Dairy and Wheat Free for a Week
I recently had a friend tell me she may be lactose intolerant, and that she was going to go without any dairy for a week to test it out. Lately I’m hearing a lot about gluten free diets, as well as unidentified digestive issues. The human body wants to be healthy and strong – it can regenerate and rebuild itself even after years of “abuse”. It just needs the right tools – live, whole food – to do it.
Edit: * In the following I provide information that worked well for me, my metabolism, and my state of health at the time. I don’t recommed this as a treatment or a solution, only as an idea or a doorway to your own choices and discoveries! Make sure you trust your instinct!
This list includes meat…well, fish and eggs. It doesn’t have any dairy, wheat, or sugar – so feel free to add or take away. A good thing to try is adding one at a time after a week to test out what affects you most. It’s actually a lot like a Wild Rose cleanse diet…but I’m a bit more generous with the acid forming foods (although I’m all about the alkaline forming foods too!). Use fresh, never canned. I’ve tried to take into consideration leftovers too. It’s not a super creative meal plan, but it’s realistic and cost-effective as well…feel free to add suggestions!
Breakfast – Shake with Frozen Berries, kale, and orange juice (YUM!!!)
Lunch – Homemade Broccoli Soup (blog to come!)
Dinner – Vegetable and black bean curry with brown rice (ideally, use your own spice blend – the paste usually contains sugar and wheat)
Breakfast – puffed millet with fresh berries and Yu brand Basmati Rice Milk (best ever!)
Lunch – leftover curry
Dinner – Salad (loaded with veggies – see previous my blog for other dressing ideas) and Broccoli Soup
Breakfast – shake again 🙂
Lunch – Salad with pine nuts and sunflower seeds (avacado is great too)
Dinner – Baked Salmon, baked potato, and steamed broccoli/cauliflower
Breakfast – puffed millet and rice milk with fresh berries
Lunch – sliced tomato, avacado, cucumber, peppers on rice cakes (try to find Artisan, they’re nice and thin)
Dinner – Grilled chicken on a big salad
Breakfast – steel cut oats (scottish oatmeal) with frozen berries
Lunch – Big Salad with sliced toasted almonds and homemade lemon tahini dressing
Dinner – Sushi! Beware, the rice usually has sugar in it, so don’t over do the rice…sashimi, or homemade sushi might be better.

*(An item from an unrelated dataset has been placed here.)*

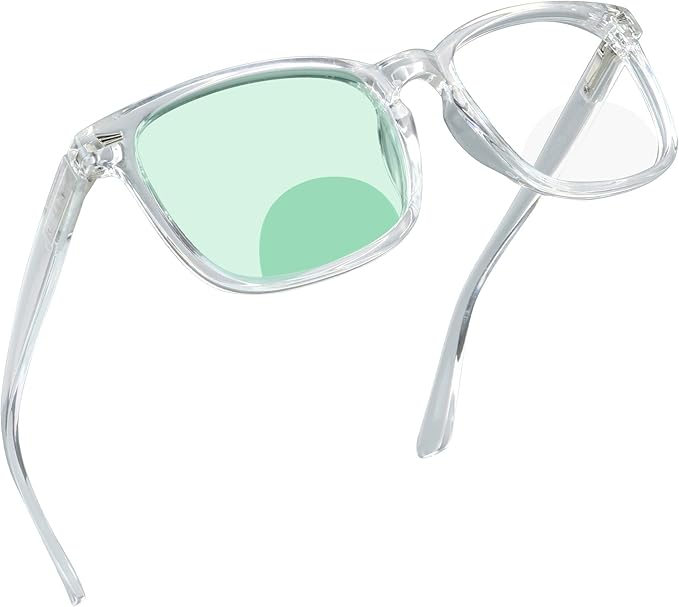 YEIN Bifocal Reading Glasses with Blue Light Blocking Lenses, Bifocal Reader for Women and Men, Vintage Square frame with Spring Hinge (+0.00/+1.25 magnification)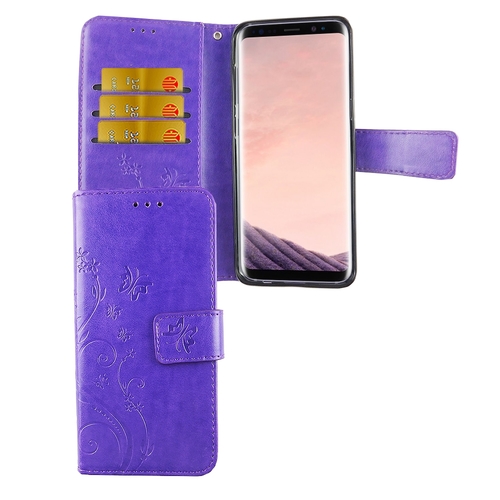 Schutz H�lle Blumen f�r Handy Samsung Galaxy S8 Violett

Breakfast – Hash browns with finely chopped peppers, onions, tomatoes and jalapeno peppers topped with an over easy egg
Lunch – Shake
Dinner – Gypsy Soup – from the Moosewood Cookbook! sweet potato, chick peas, veggies, and a cinnamon tumeric base
Breakfast – steel cut oats with apples and cinnamon
Lunch – Gypsy Soup
Dinner – Leftover Salad (rice, tuna, chopped peppers, onions, black beans, corn, with juice of half a lemon)
Snacks – almonds, rice cakes with almond butter, carrot sticks and hummus (homemade of course!)